Iklim lingkungan kehidupan yang kurang sehat, seperti : maraknya tayangan pornografi
di televisi dan VCD; penyalahgunaan alat kontrasepsi, minuman keras, dan obat-obat
terlarang/narkoba yang tak terkontrol; ketidak harmonisan dalam kehidupan keluarga; dan
dekadensi moral orang dewasa sangat mempengaruhi pola perilaku atau gaya hidup konseli
(terutama pada usia remaja) yang cenderung menyimpang dari kaidahkaidah moral (akhlak yang
mulia), seperti: pelanggaran tata tertib Sekolah/Madrasah, tawuran, meminum minuman keras,
menjadi pecandu Narkoba atau NAPZA (Narkotika, Psikotropika, dan Zat Adiktif lainnya,
seperti: ganja, narkotika, ectasy, putau, dan sabu- sabu), kriminalitas, dan pergaulan bebas (free
sex) (Dewa Ketut Sukardi, 2002).

Penampilan perilaku remaja seperti di atas sangat tidak diharapkan, karena tidak sesuai
dengan sosok pribadi manusia Indonesia yang dicita-citakan, seperti tercantum dalam tujuan
pendidikan nasional (UU No. 20 Tahun 2003), yaitu: (1) beriman dan bertaqwa terhadap Tuhan
Yang Maha Esa, (2) berakhlak mulia, (3) memiliki pengetahuan dan keterampilan, (4) memiliki
kesehatan jasmani dan rohani, (5) memiliki kepribadian yang mantap dan mandiri, serta (6)
memiliki rasa tanggung jawab kemasyarakatan dan kebangsaan.

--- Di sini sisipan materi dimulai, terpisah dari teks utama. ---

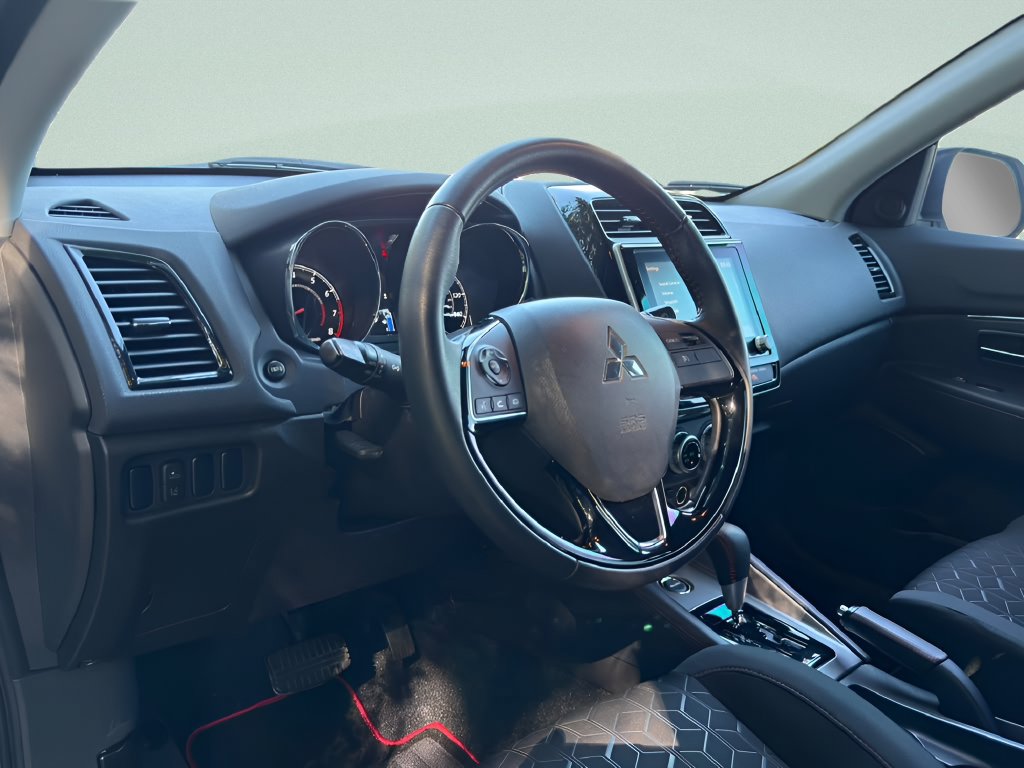 Used 2023 Mitsubishi Outlander Sport ES AWD/4WD image 9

Tujuan tersebut mempunyai
implikasi imperatif (yang mengharuskan) bagi semua tingkat satuan pendidikan untuk senantiasa
memantapkan proses pendidikannya secara bermutu ke arah pencapaian tujuan pendidikan
tersebut

Upaya menangkal dan mencegah perilaku-perilaku yang tidak diharapkan seperti


disebutkan, adalah mengembangkan potensi konseli dan memfasilitasi mereka secara sistematik
dan terprogram untuk mencapai standar kompetensi kemandirian. Upaya ini merupakan wilayah
garapan bimbingan dan konseling yang harus dilakukan secara proaktif dan berbasis data tentang
perkembangan konseli beserta berbagai faktor yang mempengaruhinya. Dengan demikian,
pendidikan yang bermutu, efektif atau ideal adalah yang mengintegrasikan tiga bidang kegiatan
utamanya secara sinergi, yaitu bidang administratif dan kepemimpinan, bidang instruksional atau
kurikuler, dan bidang bimbingan dan konseling. Pendidikan yang hanya melaksanakan bidang
administratif dan instruksional dengan mengabaikan bidang bimbingan dan konseling, hanya
akan menghasilkan konseli yang pintar dan terampil dalam aspek akademik, tetapi kurang
memiliki kemampuan atau kematangan dalam aspek kepribadian
Pada saat ini telah terjadi perubahan paradigma pendekatan bimbingan dan konseling,
yaitu dari pendekatan yang berorientasi tradisional, remedial, klinis, dan terpusat pada konselor,
kepada pendekatan yang berorientasi perkembangan dan preventif. Pendekatan bimbingan dan
konseling perkembangan (Developmental Guidance and Counseling), atau bimbingan dan
konseling komprehensif (Comprehensive Guidance and Counseling). Pelayanan bimbingan dan
konseling komprehensif didasarkan kepada upaya pencapaian tugas perkembangan,
pengembangan potensi, dan pengentasan masalah-masalah konseli. Tugas-tugas perkembangan
dirumuskan sebagai standar kompetensi yang harus dicapai konseli, sehingga pendekatan ini
disebut juga bimbingan dan konseling berbasis standar (standard based guidance and
counseling). Dalam pelaksanaannya, pendekatan ini menekankan kolaborasi antara konselor
dengan para personal Sekolah/ Madrasah lainnya (pimpinan Sekolah/Madrasah, guru-guru, dan
staf administrasi), orang tua konseli, dan pihak-pihak ter-kait lainnya (seperti instansi
pemerintah/swasta dan para ahli : psikolog dan dokter). Pendekatan ini terintegrasi dengan
proses pendidikan di Sekolah/Madrasah secara keseluruhan dalam upaya membantu para konseli
agar dapat mengem-bangkan atau mewujudkan potensi dirinya secara penuh, baik menyangkut
aspek pribadi, sosial, belajar, maupun karir. Atas dasar itu, maka implementasi bimbingan dan
konseling di Sekolah/Madrasah diorientasikan kepada upaya memfasilitasi perkembangan
potensi konseli, yang meliputi aspek pribadi, sosial, belajar, dan karir; atau terkait dengan
pengembangan pribadi konseli sebagai makhluk yang berdimensi biopsikososiospiritual
(biologis, psikis, sosial, dan spiritual)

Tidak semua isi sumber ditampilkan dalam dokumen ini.